De acordo com as informações repassadas, ao chegar ao local o policial responsável realizou gravação em vídeo registrando a autorização do morador para entrada na residência, procedimento que segue entendimento do Superior Tribunal de Justiça (STJ) quanto à necessidade de comprovação de consentimento para ingresso em domicílio.

• Animais sem documentação e sem comprovação de origem

Durante a vistoria, foram encontrados vários pássaros sem documentação que comprovasse a origem lícita. O criador informou estar em fase de regularização, porém não apresentou comprovantes de procedência dos animais, nem documentação adequada que atestasse a origem legal.

Também foram constatadas irregularidades relacionadas às anilhas, dispositivos de identificação obrigatórios em aves silvestres legalizadas, levantando suspeitas quanto à autenticidade e à procedência dos espécimes.

Além disso, outros animais que haviam sido apreendidos anteriormente em via pública tiveram seus supostos criadores identificados, os quais alegaram estar em processo de legalização da criação. No entanto, igualmente não apresentaram documentação que comprovasse a origem lícita dos pássaros. Diante disso, todos os animais foram recolhidos e permanecem sob guarda da Polícia Civil até que seja apresentada a documentação exigida.

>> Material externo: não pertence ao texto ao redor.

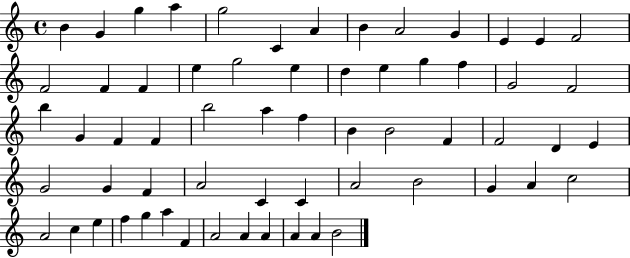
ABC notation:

X:1
T:Untitled
M:4/4
L:1/4
K:C
B G g a g2 C A B A2 G E E F2 F2 F F e g2 e d e g f G2 F2 b G F F b2 a f B B2 F F2 D E G2 G F A2 C C A2 B2 G A c2 A2 c e f g a F A2 A A A A B2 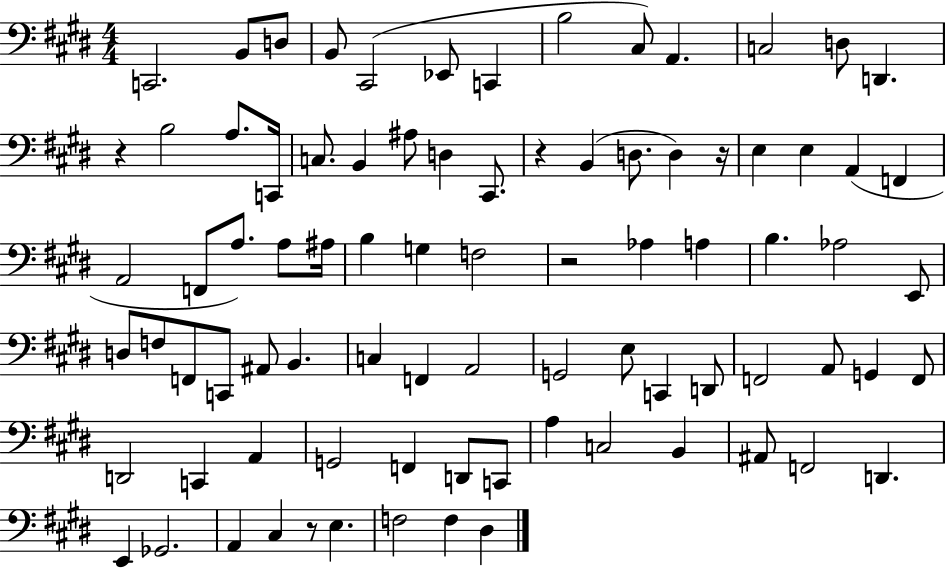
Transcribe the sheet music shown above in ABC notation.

X:1
T:Untitled
M:4/4
L:1/4
K:E
C,,2 B,,/2 D,/2 B,,/2 ^C,,2 _E,,/2 C,, B,2 ^C,/2 A,, C,2 D,/2 D,, z B,2 A,/2 C,,/4 C,/2 B,, ^A,/2 D, ^C,,/2 z B,, D,/2 D, z/4 E, E, A,, F,, A,,2 F,,/2 A,/2 A,/2 ^A,/4 B, G, F,2 z2 _A, A, B, _A,2 E,,/2 D,/2 F,/2 F,,/2 C,,/2 ^A,,/2 B,, C, F,, A,,2 G,,2 E,/2 C,, D,,/2 F,,2 A,,/2 G,, F,,/2 D,,2 C,, A,, G,,2 F,, D,,/2 C,,/2 A, C,2 B,, ^A,,/2 F,,2 D,, E,, _G,,2 A,, ^C, z/2 E, F,2 F, ^D, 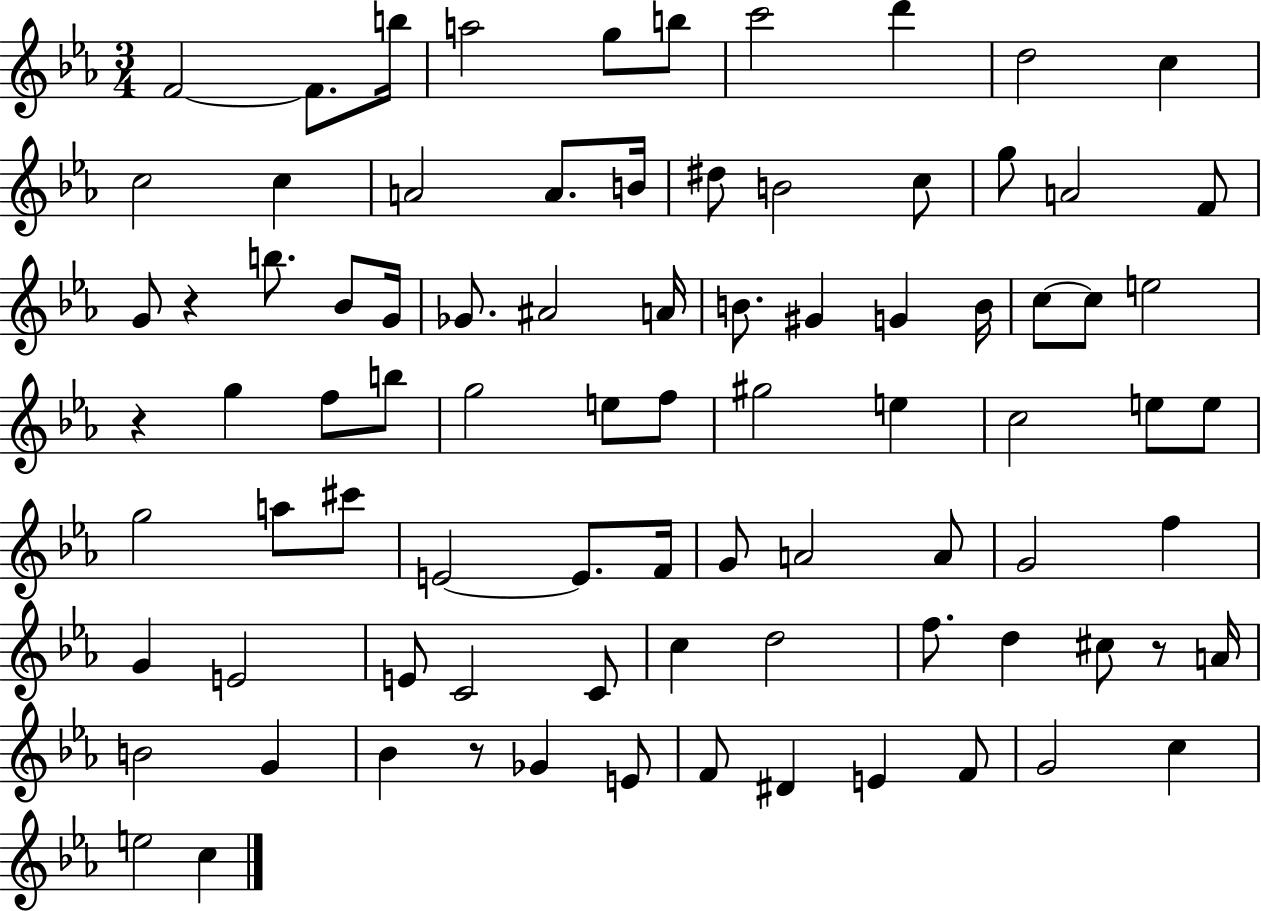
F4/h F4/e. B5/s A5/h G5/e B5/e C6/h D6/q D5/h C5/q C5/h C5/q A4/h A4/e. B4/s D#5/e B4/h C5/e G5/e A4/h F4/e G4/e R/q B5/e. Bb4/e G4/s Gb4/e. A#4/h A4/s B4/e. G#4/q G4/q B4/s C5/e C5/e E5/h R/q G5/q F5/e B5/e G5/h E5/e F5/e G#5/h E5/q C5/h E5/e E5/e G5/h A5/e C#6/e E4/h E4/e. F4/s G4/e A4/h A4/e G4/h F5/q G4/q E4/h E4/e C4/h C4/e C5/q D5/h F5/e. D5/q C#5/e R/e A4/s B4/h G4/q Bb4/q R/e Gb4/q E4/e F4/e D#4/q E4/q F4/e G4/h C5/q E5/h C5/q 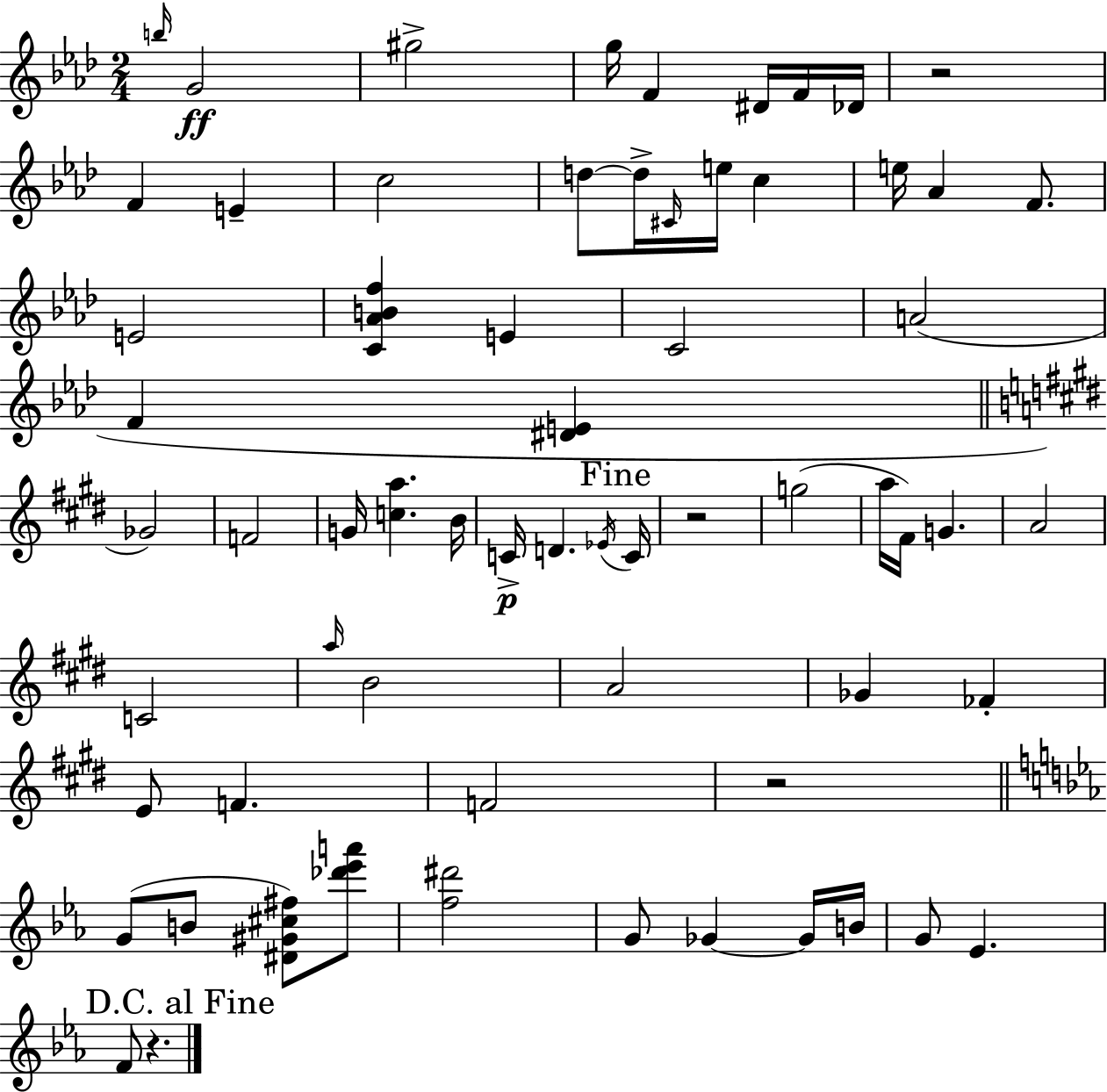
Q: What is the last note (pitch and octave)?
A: F4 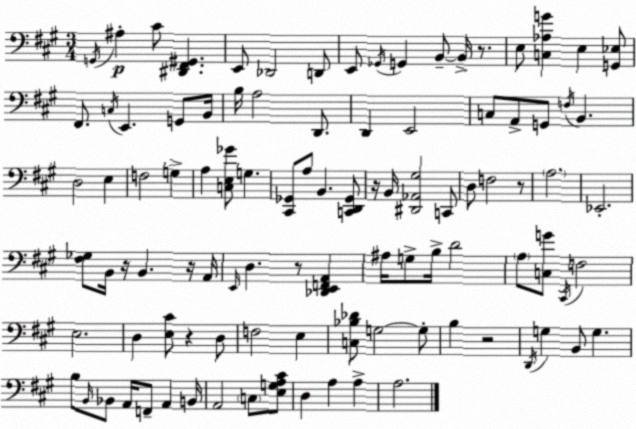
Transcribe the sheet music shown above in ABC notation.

X:1
T:Untitled
M:3/4
L:1/4
K:A
G,,/4 ^A, ^C/2 [^D,,^F,,^G,,] E,,/2 _D,,2 D,,/2 E,,/2 _G,,/4 G,, B,,/2 B,,/4 z/2 E,/2 [C,_A,G] E, [G,,_E,]/2 ^F,,/2 C,/4 E,, G,,/2 B,,/4 B,/4 A,2 D,,/2 D,, E,,2 C,/2 A,,/2 G,,/2 F,/4 B,, D,2 E, F,2 G, A, [C,E,_G]/2 G, [^C,,_G,,]/2 A,/2 B,, [C,,D,,_G,,]/2 z/4 B,,/4 [^D,,_A,,^G,]2 C,,/2 D,/2 F,2 z/2 A,2 _E,,2 [^F,_G,]/2 B,,/4 z/4 B,, z/4 A,,/4 E,,/4 D, z/2 [_D,,E,,F,,A,,] ^A,/4 G,/2 B,/4 D2 A,/2 [C,G]/2 ^C,,/4 F,2 E,2 D, [E,^C]/2 z D,/2 F,2 E, [C,_B,_D]/2 G,2 G,/2 B, z2 D,,/4 G, B,,/2 G, B,/2 B,,/4 _B,,/2 A,,/4 F,,/2 A,, B,,/4 A,,2 C,/2 [E,G,A,^C]/2 D, A, A, A,2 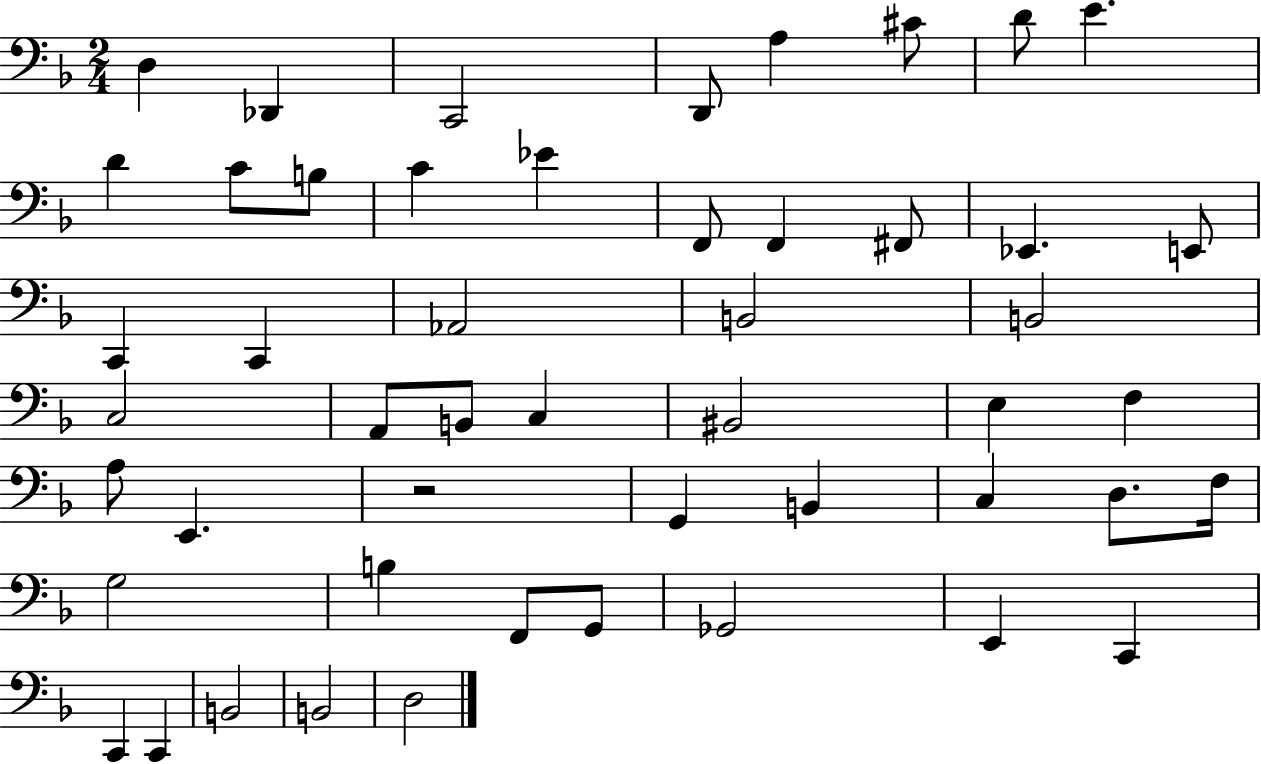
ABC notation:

X:1
T:Untitled
M:2/4
L:1/4
K:F
D, _D,, C,,2 D,,/2 A, ^C/2 D/2 E D C/2 B,/2 C _E F,,/2 F,, ^F,,/2 _E,, E,,/2 C,, C,, _A,,2 B,,2 B,,2 C,2 A,,/2 B,,/2 C, ^B,,2 E, F, A,/2 E,, z2 G,, B,, C, D,/2 F,/4 G,2 B, F,,/2 G,,/2 _G,,2 E,, C,, C,, C,, B,,2 B,,2 D,2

A polícia informou que, caso seja comprovada a origem legal, os animais poderão ser restituídos aos responsáveis. Porém, não havendo comprovação, será lavrado procedimento por tráfico de animais silvestres, sem prejuízo de outras infrações eventualmente constatadas.

•Maus-tratos e possível falsificação

Outro ponto que chamou atenção durante a ação foi a situação de algumas gaiolas, encontradas sujas e em condições inadequadas de higiene. Segundo a polícia, somente essa situação já pode configurar crime de maus-tratos a animais, o que também será apurado.

A autoridade policial ainda ressaltou que, caso seja identificada anilha falsificada, o responsável poderá responder pelo crime de falsificação de símbolo público, cuja pena pode chegar a até seis anos de reclusão, além das sanções previstas na legislação ambiental.

As investigações seguem em andamento e a Polícia Civil reforça que criadores devem manter toda documentação regularizada e comprovar a origem lícita dos animais silvestres, sob pena de responder criminalmente.